-- TASK INSTRUCTIONS --
Below are entries with pictures in them. Output exactly the lines starting at the line with "A view of wastewater" and ending at the line with "2013 HYUNDAI TUCSON", both included, but not the pictures.

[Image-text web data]
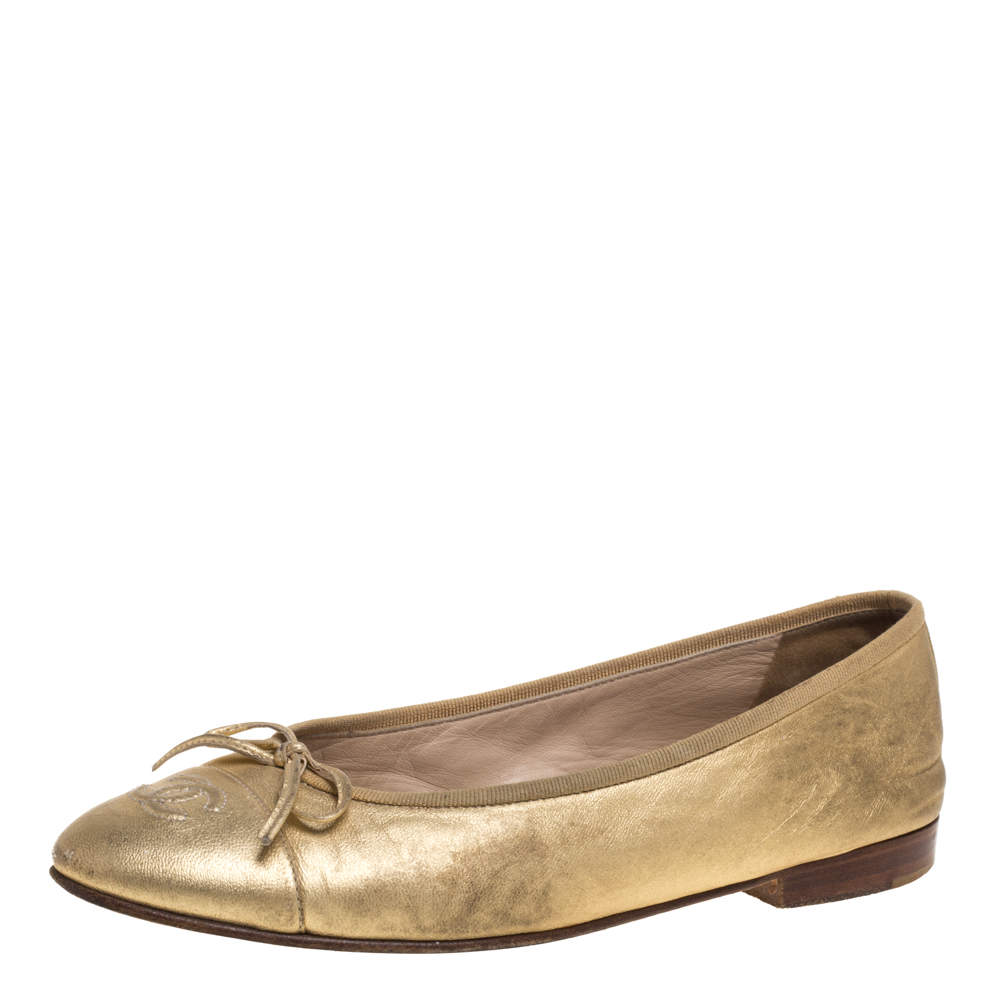 Pre Owned Chanel Gold Leather CC Cap Toe Slip On Flats Size 37.5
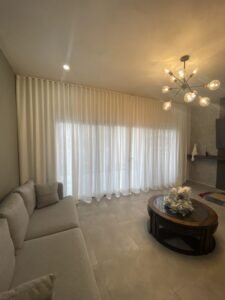 ستائر بسيطة حديثة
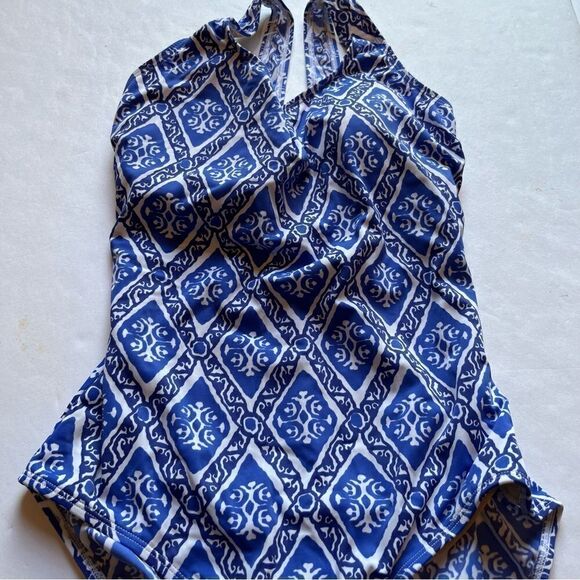 L.L. Bean Women's Sun Blocking One Piece Tank Swim Suit Blue/Wht Print 12 Long - Picture 13 of 13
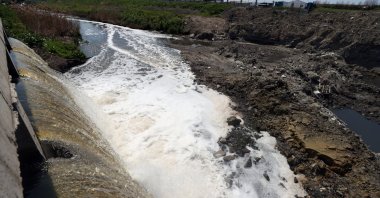 A view of wastewater mixing with the water of the creek, in Istanbul, Turkey, April 14, 2022. (AA PHOTO)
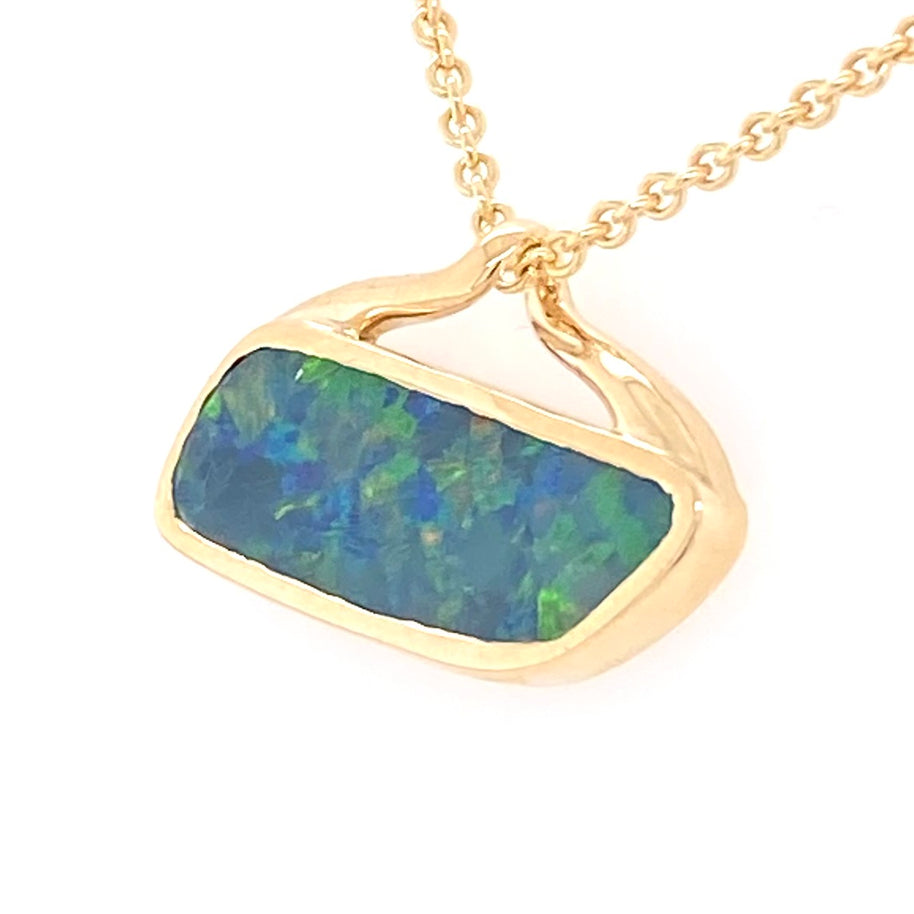 Opal vedhæng med en ægte doublet opal fra Australien. Opalen er sat i 9 karat guld.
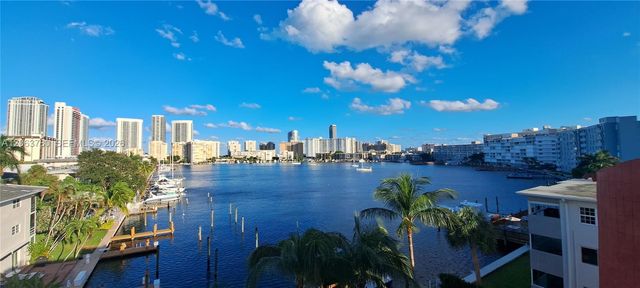 1900 Diana Dr 3A, Hallandale Beach, FL 33009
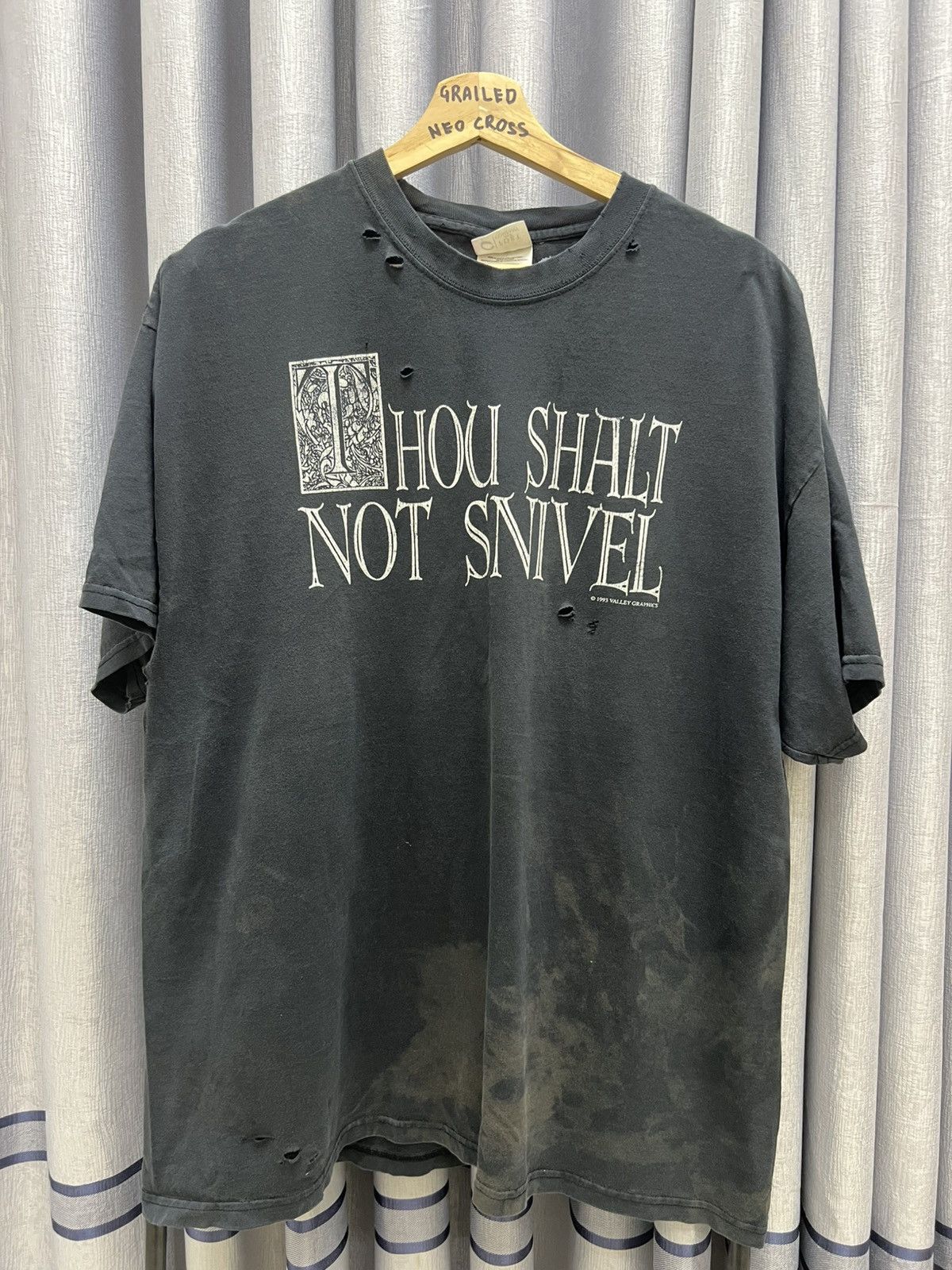 90s VINTAGE THRASHED FADED VALLEY GRAPHICS DISTRESSED TEE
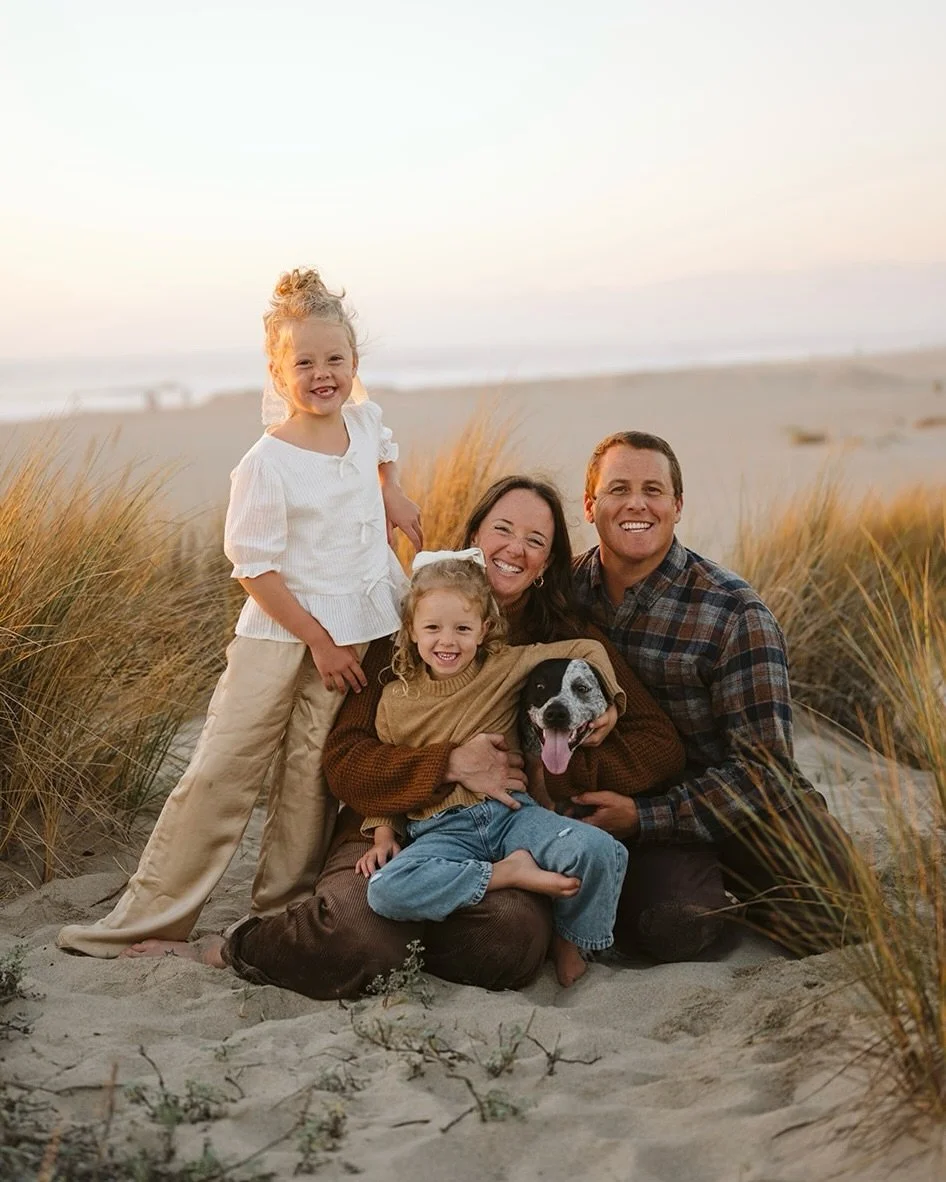 Starting the New Year with some of my most cherished photos from 2025 by sweet angel @jessica.eileen.drogosz 🤍 

Happy 2026, friends! I hate to put anything negative with these happy moments but tbh 2025 was a really hard year for me personally. Beh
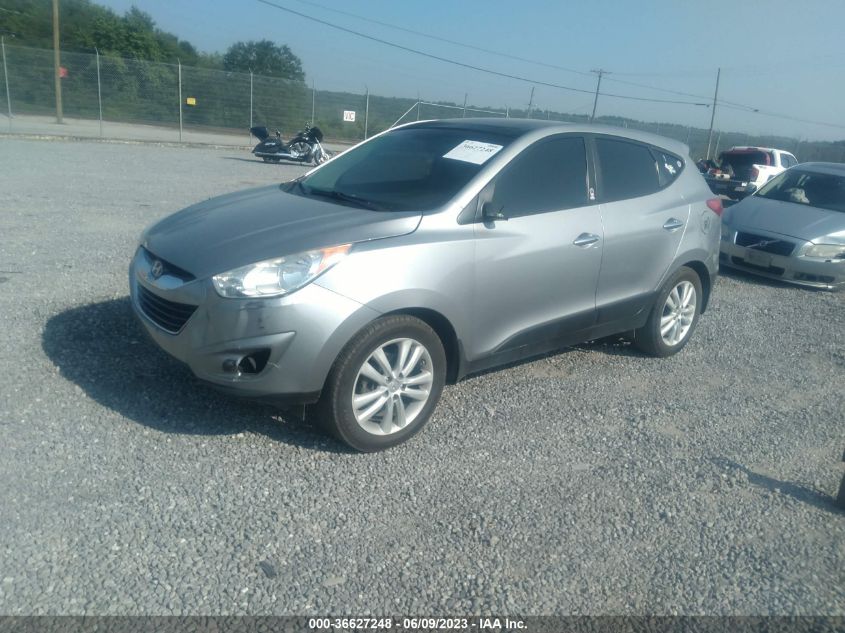 2013 HYUNDAI TUCSON LIMITED - KM8JUCAC7DU642874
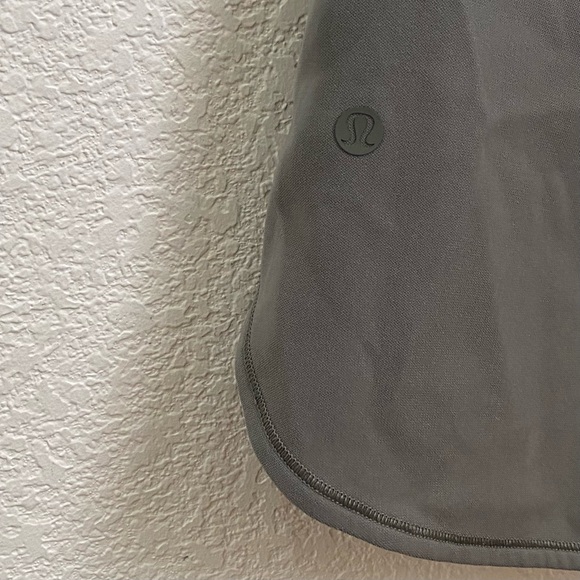 LULULEMON Athletica Gray Sage On The Fly Skirt Size 4 - Picture 8 of 16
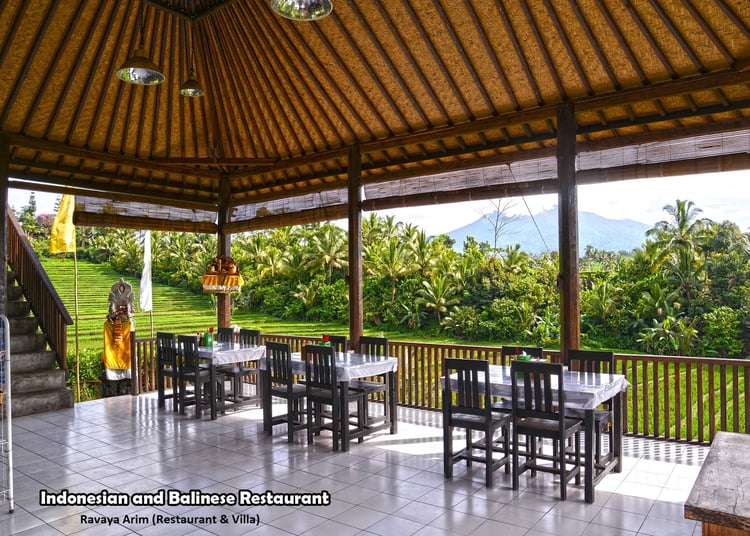 Warung Ravaya Arim And Villa Tengah Sawah — Bali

-- OUTPUT --
 A view of wastewater mixing with the water of the creek, in Istanbul, Turkey, April 14, 2022. (AA PHOTO)
 Opal vedhæng med en ægte doublet opal fra Australien. Opalen er sat i 9 karat guld.
 1900 Diana Dr 3A, Hallandale Beach, FL 33009
 90s VINTAGE THRASHED FADED VALLEY GRAPHICS DISTRESSED TEE
 Starting the New Year with some of my most cherished photos from 2025 by sweet angel @jessica.eileen.drogosz 🤍 

Happy 2026, friends! I hate to put anything negative with these happy moments but tbh 2025 was a really hard year for me personally. Beh
 2013 HYUNDAI TUCSON LIMITED - KM8JUCAC7DU642874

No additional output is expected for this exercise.